Native American Tribes Respond to Continued Attacks on the Indian Child Welfare Act

WASHINGTON, D.C. – Today, Cherokee Nation Principal Chief Chuck Hoskin Jr., Morongo Band of Mission Indians Chairman Robert Martin, Oneida Nation Chairman Tehassi Hill and Quinault Indian Nation President Fawn Sharp issued the following statement in response to plaintiffs’ request to rehear the case against the Indian Children Welfare Act:

“Today, plaintiffs in Brackeen v. Bernhardt chose to continue their attacks on Indian children and tribal families. It is time for these misguided attacks on the Indian Child Welfare Act to end. We won our case in the 5th Circuit Court of Appeals on the merits because ICWA is constitutional. ICWA ensures that there is a process in place that keeps children close to their tribal communities, which gives them a sense of identity and belonging that cannot be found elsewhere. It is because of the importance of this critical law that we will continue defending these children. We will remain steadfast in defense of ICWA, no matter what it takes.”

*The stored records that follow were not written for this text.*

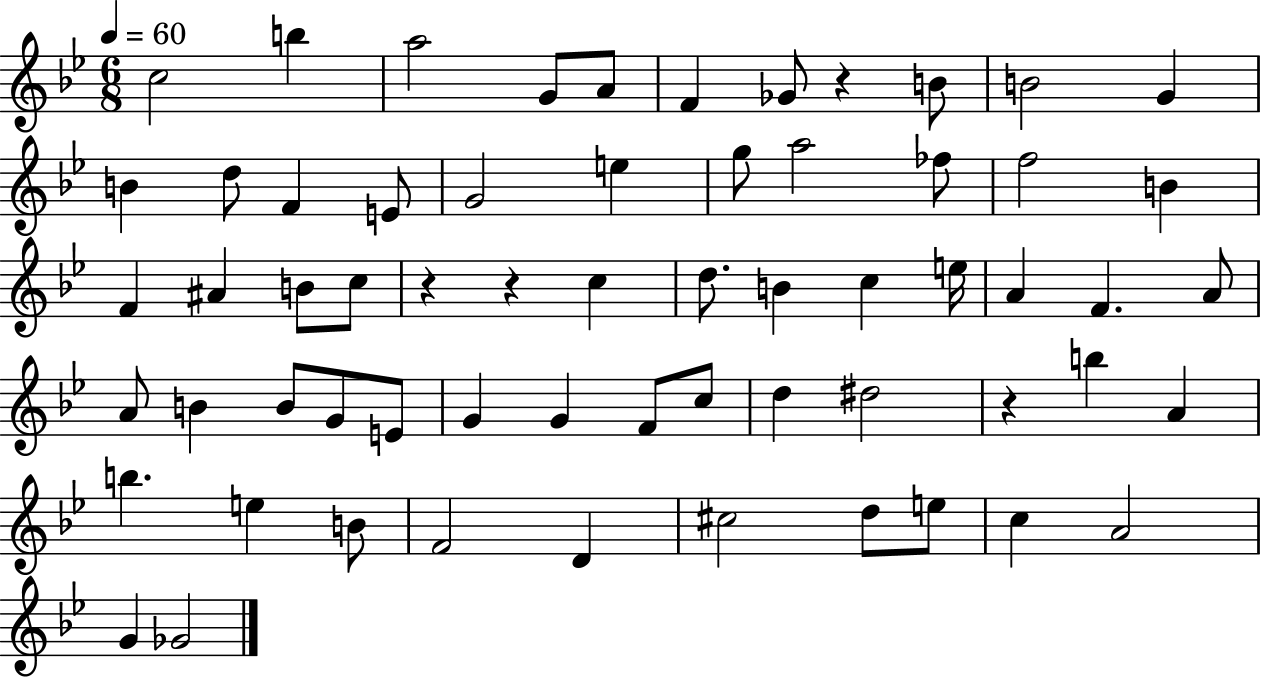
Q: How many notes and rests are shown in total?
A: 62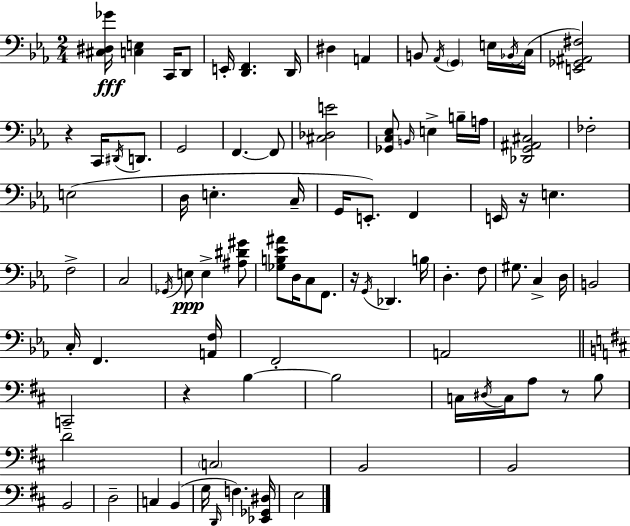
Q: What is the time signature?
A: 2/4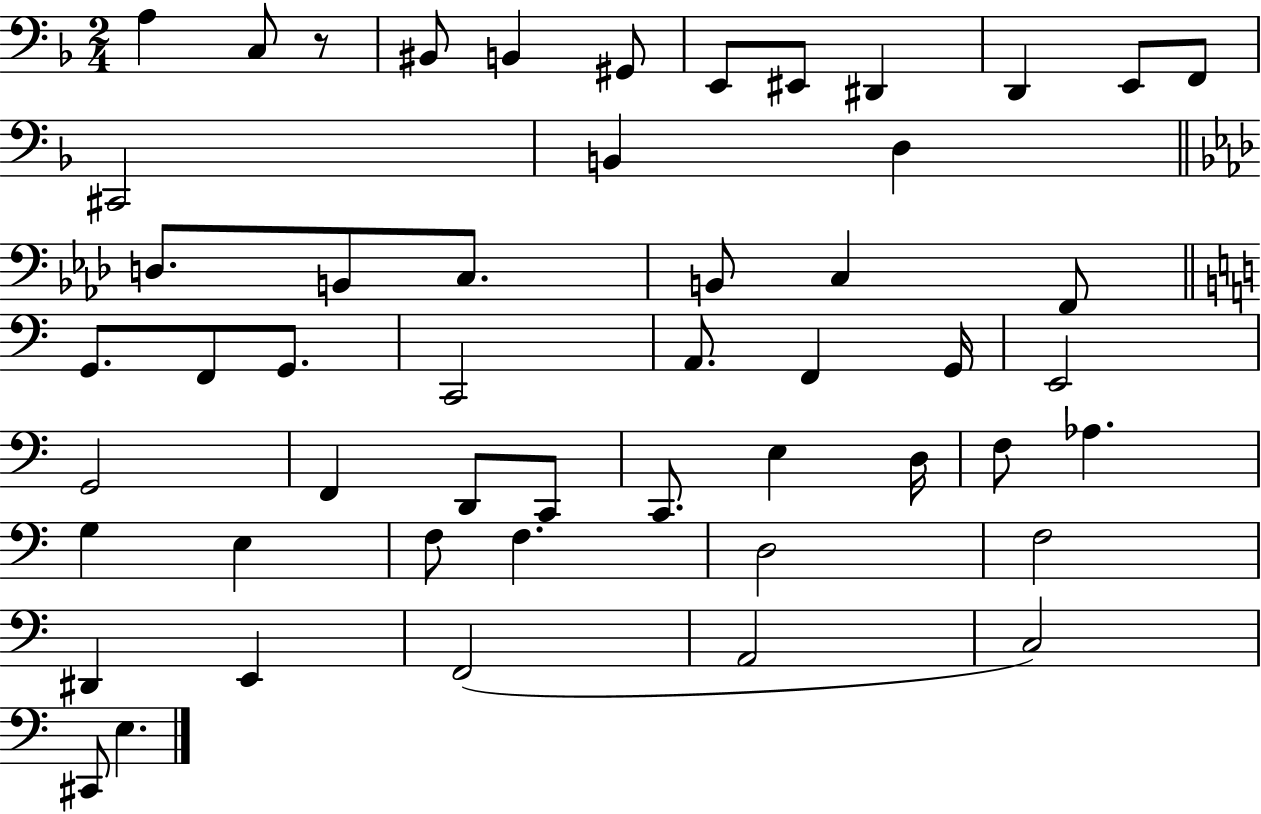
{
  \clef bass
  \numericTimeSignature
  \time 2/4
  \key f \major
  a4 c8 r8 | bis,8 b,4 gis,8 | e,8 eis,8 dis,4 | d,4 e,8 f,8 | \break cis,2 | b,4 d4 | \bar "||" \break \key f \minor d8. b,8 c8. | b,8 c4 f,8 | \bar "||" \break \key c \major g,8. f,8 g,8. | c,2 | a,8. f,4 g,16 | e,2 | \break g,2 | f,4 d,8 c,8 | c,8. e4 d16 | f8 aes4. | \break g4 e4 | f8 f4. | d2 | f2 | \break dis,4 e,4 | f,2( | a,2 | c2) | \break cis,8 e4. | \bar "|."
}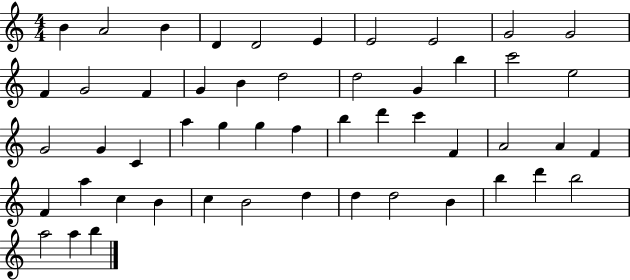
{
  \clef treble
  \numericTimeSignature
  \time 4/4
  \key c \major
  b'4 a'2 b'4 | d'4 d'2 e'4 | e'2 e'2 | g'2 g'2 | \break f'4 g'2 f'4 | g'4 b'4 d''2 | d''2 g'4 b''4 | c'''2 e''2 | \break g'2 g'4 c'4 | a''4 g''4 g''4 f''4 | b''4 d'''4 c'''4 f'4 | a'2 a'4 f'4 | \break f'4 a''4 c''4 b'4 | c''4 b'2 d''4 | d''4 d''2 b'4 | b''4 d'''4 b''2 | \break a''2 a''4 b''4 | \bar "|."
}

In 2017, individual plaintiffs Chad and Jennifer Brackeen, a couple from Texas, along with the state attorneys general in Texas, Louisiana, and Indiana, sued the U.S. Department of the Interior and its now-former Secretary Ryan Zinke to challenge ICWA. The Morongo, Quinault, Oneida and Cherokee tribes intervened as defendants in the case Brackeen v. Bernhardt.

In October 2018, a federal judge in the Northern District of Texas struck down much of ICWA. Defendants appealed the lower court’s decision and asked the 5th Circuit Court of Appeals to reverse the decision. Last December, the 5th Circuit Court of Appeals granted a stay requested by the defendants, putting a hold on the ruling. In March 2019, the 5th Circuit Court of Appeals heard oral arguments from plaintiffs and defendants in the Brackeen case.

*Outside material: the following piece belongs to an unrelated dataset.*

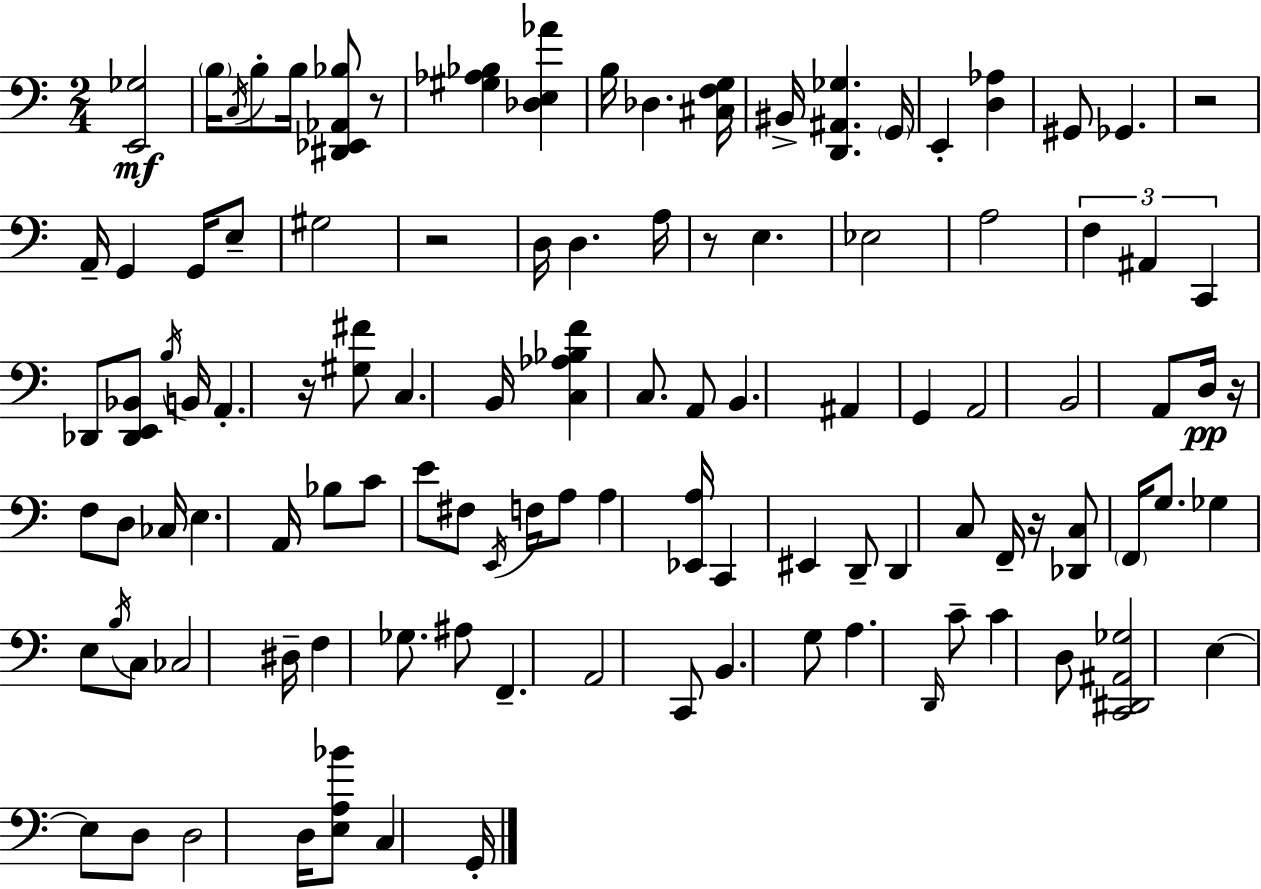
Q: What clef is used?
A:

On August 9, 2019, the 5th Circuit Court of Appeals reaffirmed that the Indian Child Welfare Act is constitutional and serves the best interests of children and families.

There is broad, bipartisan support against this misguided attack on a law that is crucial for protecting the well-being of Indian children and Indian sovereignty. A total of 21 attorneys general, representing a broad range of states, filed an amicus brief in support of the defendants, arguing that ICWA is an appropriate exercise of Congress’s authority to legislate in the field of Indian affairs and does not violate the Tenth Amendment or equal protection laws. The Trump administration has also reiterated its support for ICWA, tribal sovereignty and the safety of Indian children.

An additional 325 tribes, 57 tribal organizations, members of Congress, Indian law and constitutional law scholars, and 30 leading child welfare organizations have also filed friend-of-the-court briefs in support of the defendants.